DATA SECTION →
───

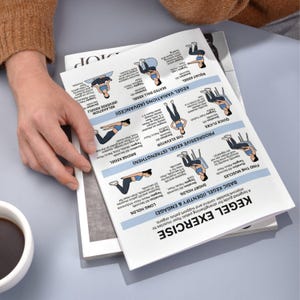 May include: A printed guide for Kegel exercises, featuring illustrations and instructions for various techniques. The guide includes diagrams and text, with a focus on pelvic floor muscle strengthening. The paper is held by a person.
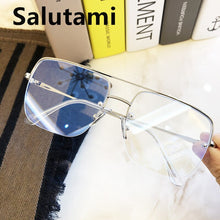 Load image into Gallery viewer, Half Frame Alloy Square Clear Glasses Frame Men Anti-blue Light Eyeglasses Oversized Retro Computer Goggle Eyewear Women Shades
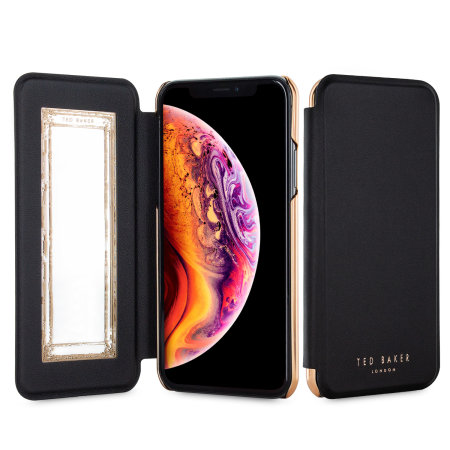 ted baker iphone xs mirror folio case - shannon black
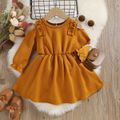 Toddler Girl Sweet Ruffled Textured Long-sleeve Dress Orange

───

ACTIVITY → An unaltered copy of the material, without images, should be set down.

ANSWER SPACE →
 May include: A printed guide for Kegel exercises, featuring illustrations and instructions for various techniques. The guide includes diagrams and text, with a focus on pelvic floor muscle strengthening. The paper is held by a person.
 Load image into Gallery viewer, Half Frame Alloy Square Clear Glasses Frame Men Anti-blue Light Eyeglasses Oversized Retro Computer Goggle Eyewear Women Shades
 ted baker iphone xs mirror folio case - shannon black
 Toddler Girl Sweet Ruffled Textured Long-sleeve Dress Orange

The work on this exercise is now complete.